Poniéndole empeño, y mucho dinero, probablemente lograremos sacarle la vuelta a una parte de los productos etiquetados con los octágonos, ¿pero qué alternativa tendrán millones de personas en el país que solo pueden acceder a estos productos?
Piense en una comunidad rural, indígena o las ubicadas en zonas marginadas, donde las papas fritas, refrescos, sopas instantáneas y bollería son lo más barato y fácil de conseguir. Los octágonos negros, por terroríficos que puedan parecer, más que resolver algo, solo generarán desazón y angustia en los consumidores.

Insisto, la medida promovida por las autoridades no es del todo mala, porque siempre es de agradecer que algunas casas cuelguen en su entrada esa advertencia que dice: “cuidado con el perro” o “cochera en servicio”, sin embargo, me parece que deja muchos cabos sueltos y abre la puerta a nuevos problemas.

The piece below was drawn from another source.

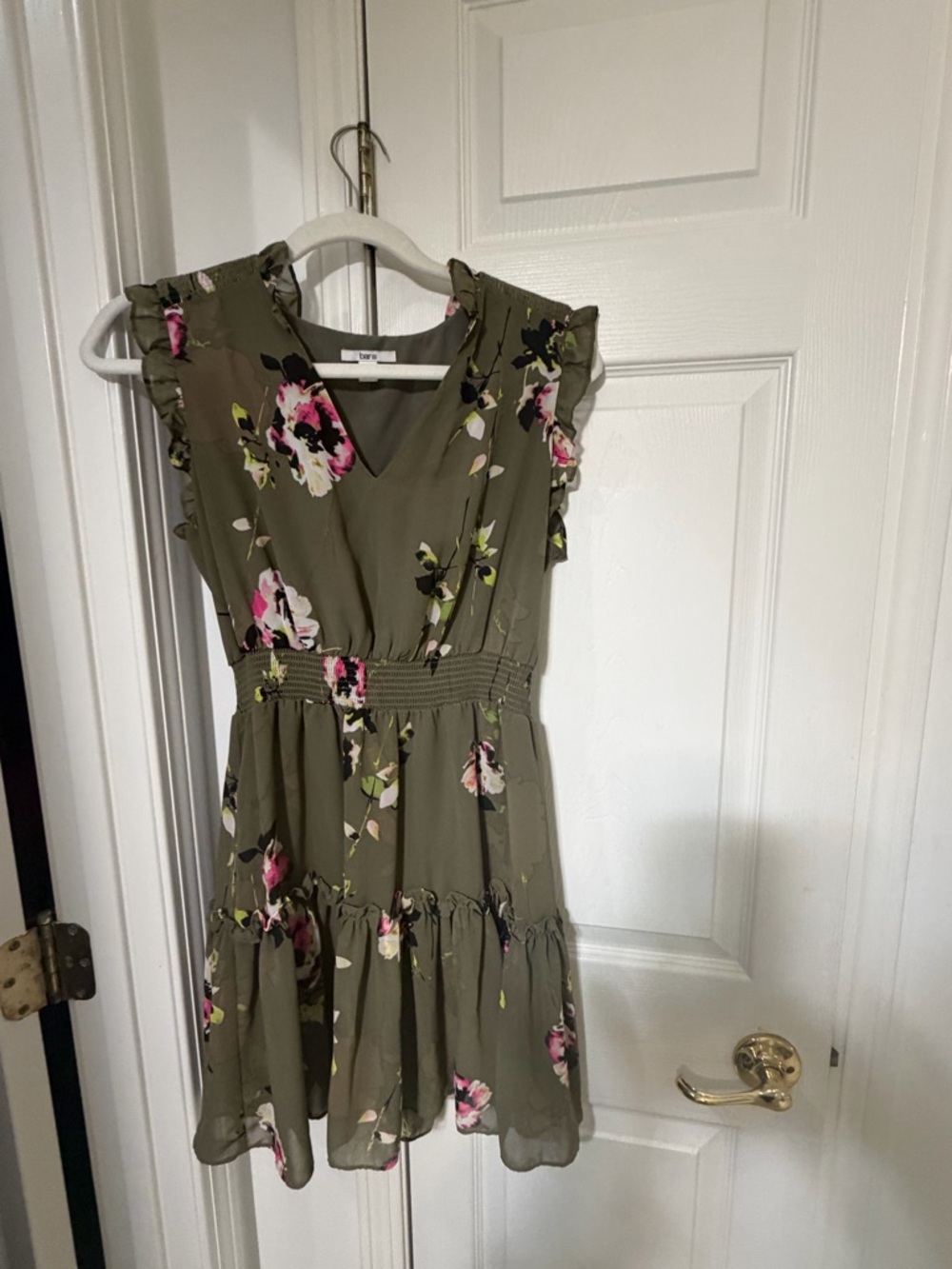 Bar III Olive Green Floral V-Neck Smocked Waist Mini Dress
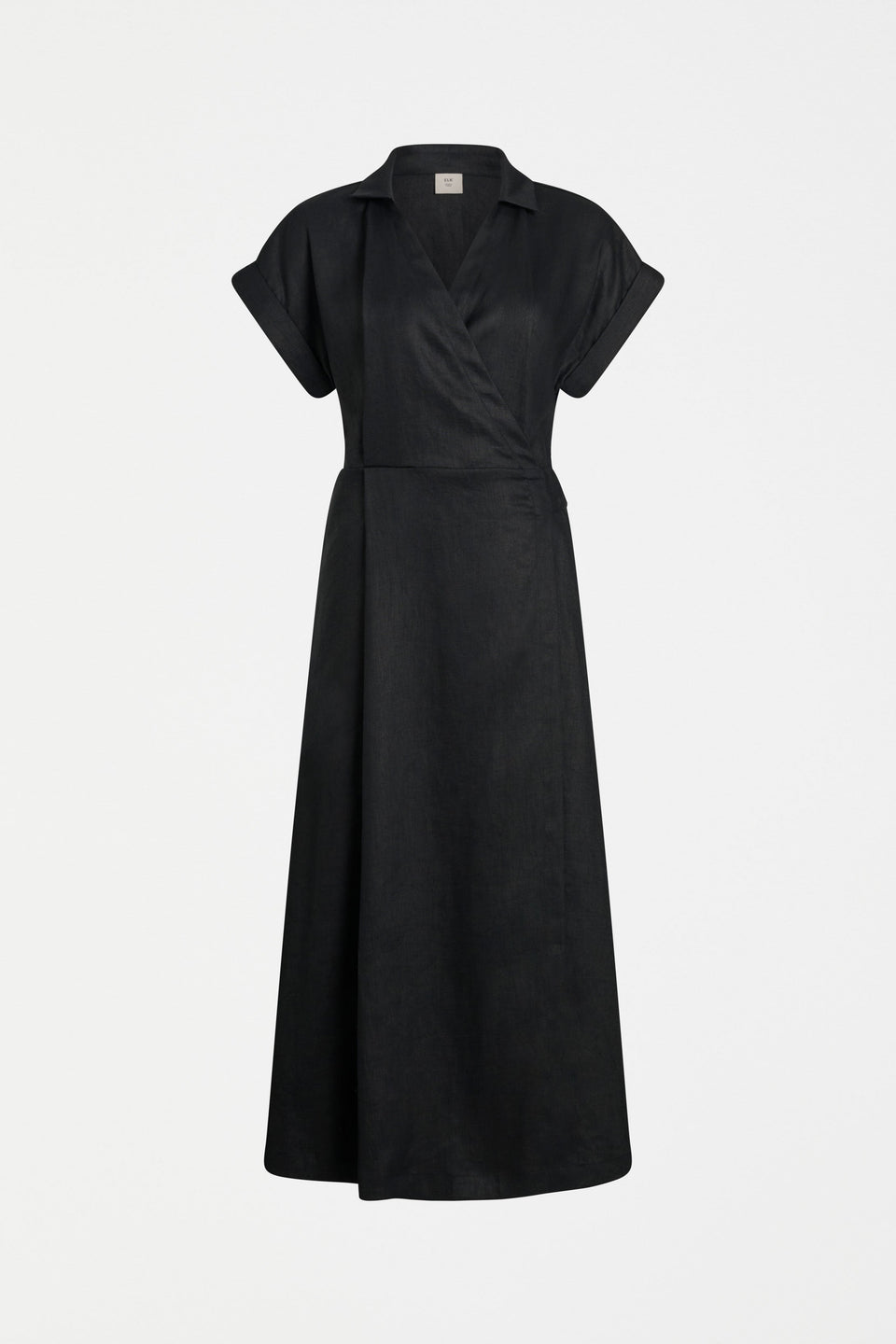 Minnen Linen Short Sleeve Wrap Shirt Dress Front | BLACK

Va un ejemplo que viene a cuento con motivo del Día Mundial contra el Hambre, celebrado el pasado 16 de octubre.

Para reforzar el trabajo que la red nacional de bancos de alimentos realiza, algunos gobiernos municipales entregan a personas de escasos recursos despensas alimentarias, las cuales contienen productos que forman parte de la canasta básica. Algunos de estos productos llevarán los relucientes octágonos que advierten sobre los excesos de los productos.

En este caso, ¿qué harán las autoridades? ¿Dejarán de entregar las despensas porque algunos de sus artículos atentan contra la salud? ¿Entregará productos que la Profeco tiene etiquetados como dañinos para la salud? ¿Cuál es la salida prevista? ¿Acaso las autoridades gubernamentales no se enfrentan a un dilema moral en toda regla?

Sin duda lo es. Sobre la manera en que éstas podrían resolverlo hablaré en una nueva entrega.